— The task —
A verbatim repeat of the lines below is required, with the pictures removed.

— Data below —

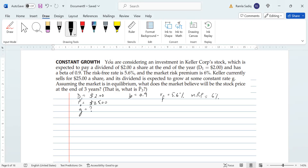Its dividend is expected to grow at some constant rate g. Assuming the market is in equilibrium, what does the market believe will be the stock price at the end of three years? We don't know the growth rate and we don't know the price at the end of three years, so let's go step by step. Since we have beta, Rf, and the market risk premium, we are dealing with the Capital Asset Pricing Model.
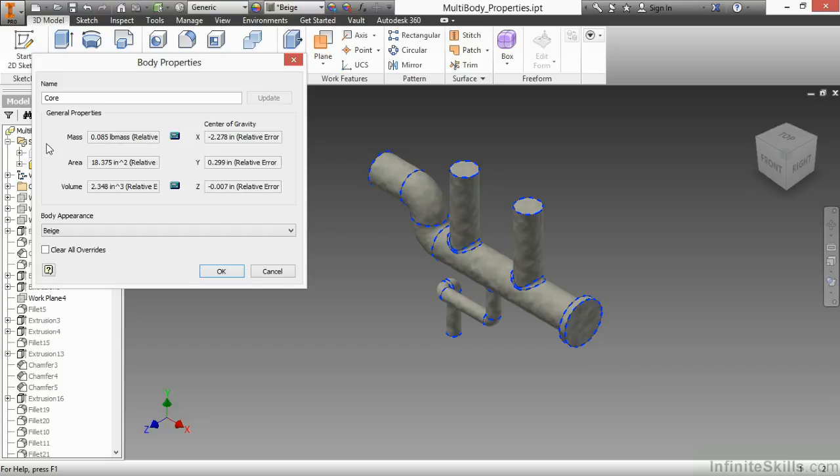If you do it here, it's only to do a quick check about mass, area, and volume. I'll choose OK.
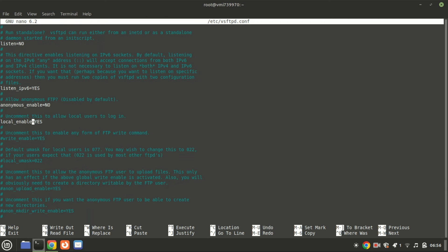Next, enable write access for users by uncommenting the following line. In the default configuration, no users are permitted to upload files via FTP, including both local and anonymous users. To allow file uploads to the FTP server, uncomment this line.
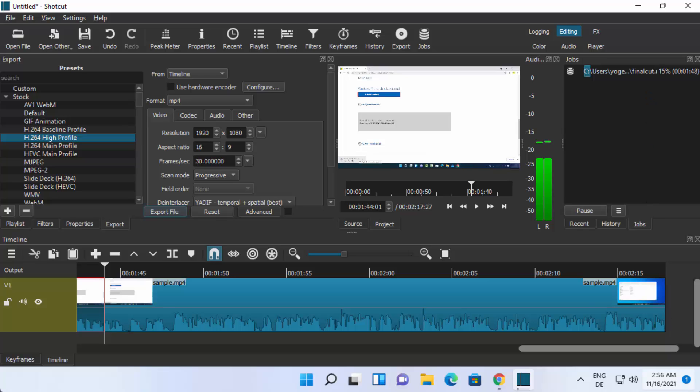So this is how you can install and use Shotcut on your Windows 11 operating system. I hope you enjoyed this video and I will see you in the next one.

— Solution for this task —
Its dividend is expected to grow at some constant rate g. Assuming the market is in equilibrium, what does the market believe will be the stock price at the end of three years? We don't know the growth rate and we don't know the price at the end of three years, so let's go step by step. Since we have beta, Rf, and the market risk premium, we are dealing with the Capital Asset Pricing Model.
If you do it here, it's only to do a quick check about mass, area, and volume. I'll choose OK.
Next, enable write access for users by uncommenting the following line. In the default configuration, no users are permitted to upload files via FTP, including both local and anonymous users. To allow file uploads to the FTP server, uncomment this line.
So this is how you can install and use Shotcut on your Windows 11 operating system. I hope you enjoyed this video and I will see you in the next one.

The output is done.